■ WORK INSTRUCTION ■
From the first line to the last, return the data exactly, with no pictures.

■ SUPPLIED DATA ■
########
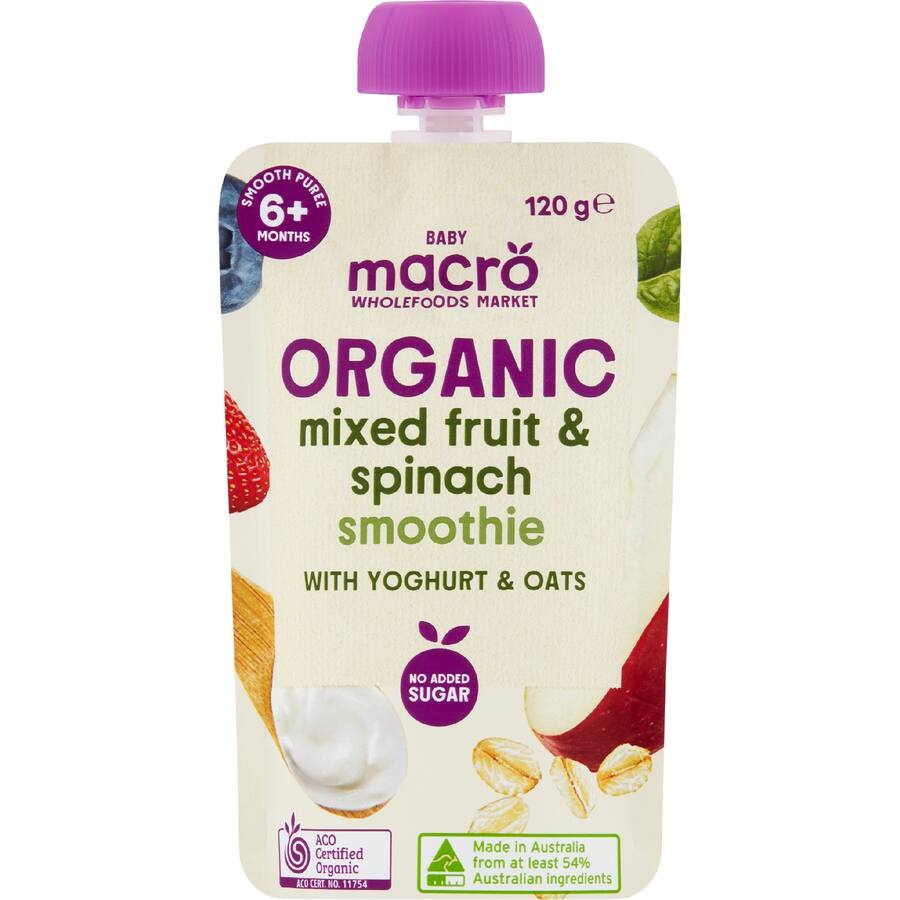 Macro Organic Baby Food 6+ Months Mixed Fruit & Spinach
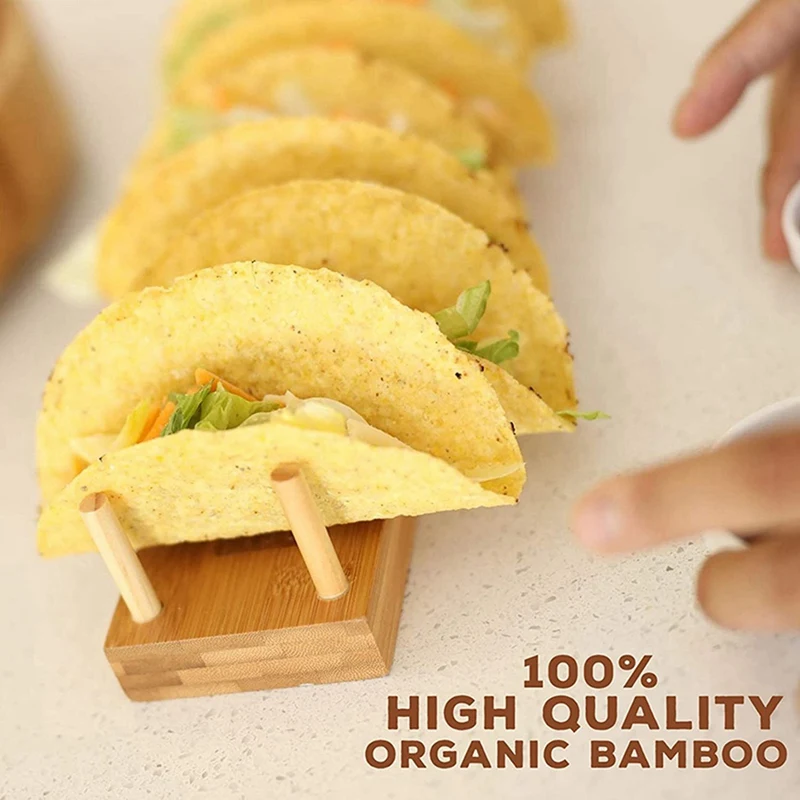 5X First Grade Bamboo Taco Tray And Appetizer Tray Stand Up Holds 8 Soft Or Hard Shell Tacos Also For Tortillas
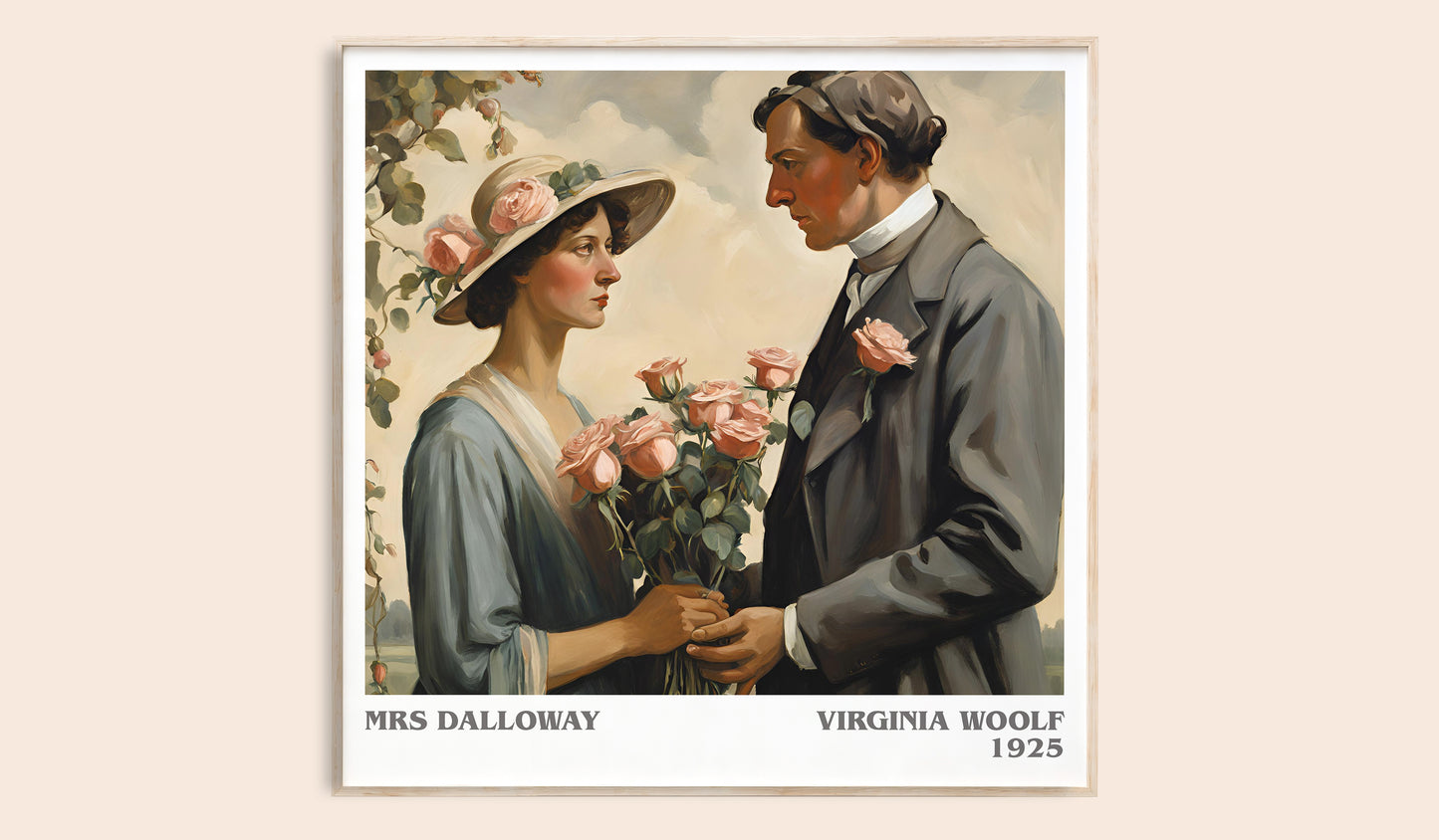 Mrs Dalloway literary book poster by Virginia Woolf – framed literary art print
########
■ REPLY TO THE TASK ■
 Macro Organic Baby Food 6+ Months Mixed Fruit & Spinach
 5X First Grade Bamboo Taco Tray And Appetizer Tray Stand Up Holds 8 Soft Or Hard Shell Tacos Also For Tortillas
 Mrs Dalloway literary book poster by Virginia Woolf – framed literary art print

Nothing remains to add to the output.